Menurut Ibu Sina filsafat itu terbagi dalam ilmu teoritis & ilmu praktis. Dalam ilmu teoritis adalah termasuk ilmu fisika, matematika & metafisika. Sedangkan yang termasuk ilmu praktis adalah etika, tata rumah tangga, politik. Ibnu Sina menepatkan studi ilmu jiwa dalam ilmu teoritis dan dimasukkan pada ilmu alam.
Louis O.Kattsoff (1987 : 192) membagi ontologi dalam tiga bagian : ontologi bersahaja, ontologi kuantitatif dan kualitatif serta ontologi monistik. Dikatakan ontologi bersahaja sebab segala sesuatu dipandang dalam keadaan sewajarnya dan apa adanya. Dikatakan ontologi kuantitatif karena dipertanyakannya mengenai tunggal atau jamaknya dan dikatakan ontologi kualitatif juga berangkat dari pertanyaan : apakah yang merupakan jenis kenyataan itu. Sedangkan ontologi monistik adalah jika dikatakan bahwa kenyataan itu tunggal adanya; keanekaragaman, perbedaan & perubahan dianggap semu belaka. Pada gilirannya ontologi monistik melahirkan monisme atau idealisme & materialisme (Hery, 17-18).
Ontologi keilmuan merupakan penafsiran tentang hakikat realitas dari objek ontologis keilmuan. Penafsiran metafisika keilmuan harus didasarkan kepada karakteristik objek ontologis sebagaimana adanya dengan deduksi-deduksi yang dapat diverifikasi secara fisik.
Dalam membuktikan adanya allah, Ibnu Thufail mengemukakan tiga argumen sebagai berikut :
-    Argumen gerak (al-harakat)
Gerak alam ini menjadi bukti tentang adanya Allah, baik bagi orang yang menyakini alam baharu maupun yang menyakini alam kadim. Pencipta yaitu Allah, yang menggerakkan alam dari tidak ada menjadi ada. Sementara itu bagi orang yang menyakini alam kadim-alam ini tidak didahului oleh tidak ada & selalu ada – gerak alam ini kadim, tidak berawal & tidak berakhir. Karena zaman tidak mendahuluinya, arti kata gerak ini tidak didahului oleh diam. Adanya gerak ini menunjukkan secara pasti adanya penggerak (Allah).
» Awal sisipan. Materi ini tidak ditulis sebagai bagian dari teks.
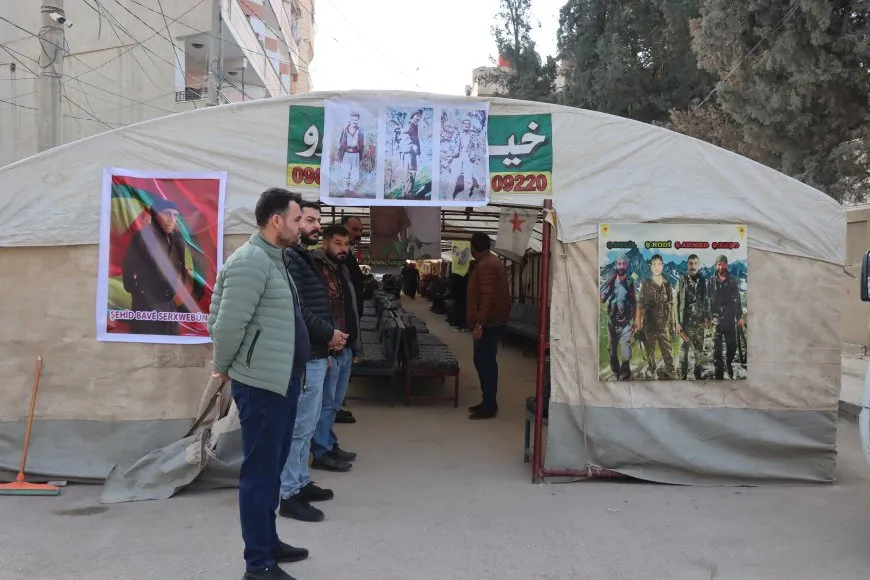 Sersaxî ji malbata endamê TEV-DEMˊê şehîd Hezarî re hat xwestin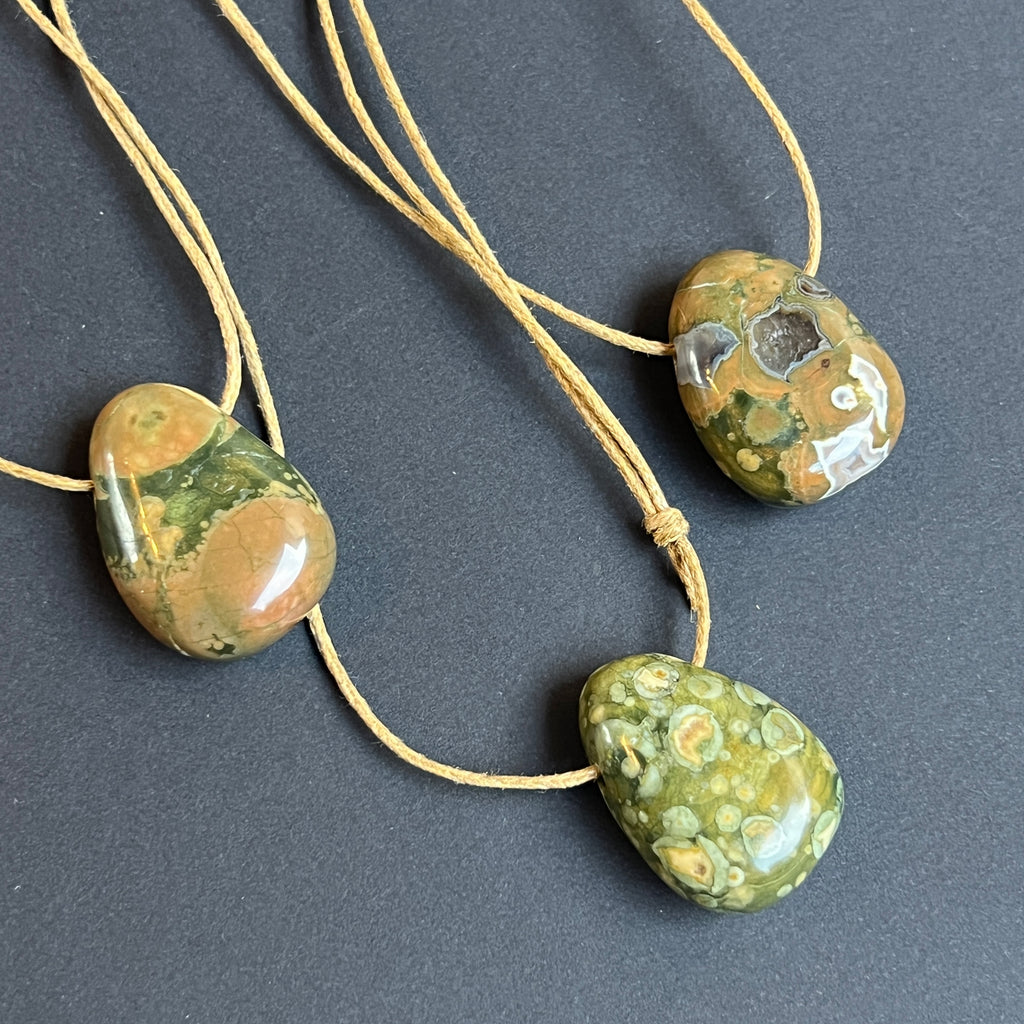 Colier pandantiv riolit DROP, pietre semipretioase - druzy.ro 1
Dan bagi orang yang menyakini alam baharu, penggerak ini berfungsi mengubah alam & tidak ada (al-adam) & baharunya – belum pernah dikemukakan oleh filosof muslim manapun sebelumnya. Dengan argumen ini, Ibnu
Thufail memperkuat argumentasi bahwa tanpa wahyu akal dapat mengetahui adanya Allah.

-    Argumen materi (al-madat & bentuk (al-shurat) Argumen ini, menurut Ibnu Thufail, dapat membuktikan adanya allah, baik bagi orang yang menyakini alam kadim maupun haditsnya. Argumen ini didasarkan pada ilmu fisika & masih ada korelasinya dengan dalil yang pertama (al-harakat).
Pencipta (Allah) merupakan Illat (sebab) & alam merupakan ma’lul (akibat). Antara keduanya mempunyai perbedaan yang tajam dan tidak bisa disamakan dalam berbagai aspek, seperti Allah kekal & kaya, sedangkan alam berkesudahan & berkehendak. -    Argumen Al-Ghaiyyat & al-inayat al-Ilahiyyat. Argumen ini berdasarkan pada kenyataan bahwa segala yang ada dialam ini mempunyai tujuan tertentu.
Dalam hal zat & sifat Allah, Ibnu Thufail sejalan dengan pendapat mu’tazilah. Sifat-sifat Allah yang maha sempurna tidak berlainan dengan zatnya. Allah mengetahui & berkuasa bukan dengan sifat ilmu & kuadrat yang melekat pada zatnya tetapi dengan zatnya sendiri. Allah adalah pemeberi wujud pada semua makhluk.

Epistemologi
Epistemologi adalah cabang filsafat yang menyelidiki asal mula, metode-metode & sahnya ilmu pengetahuan (Kattsoff 1987 : 76).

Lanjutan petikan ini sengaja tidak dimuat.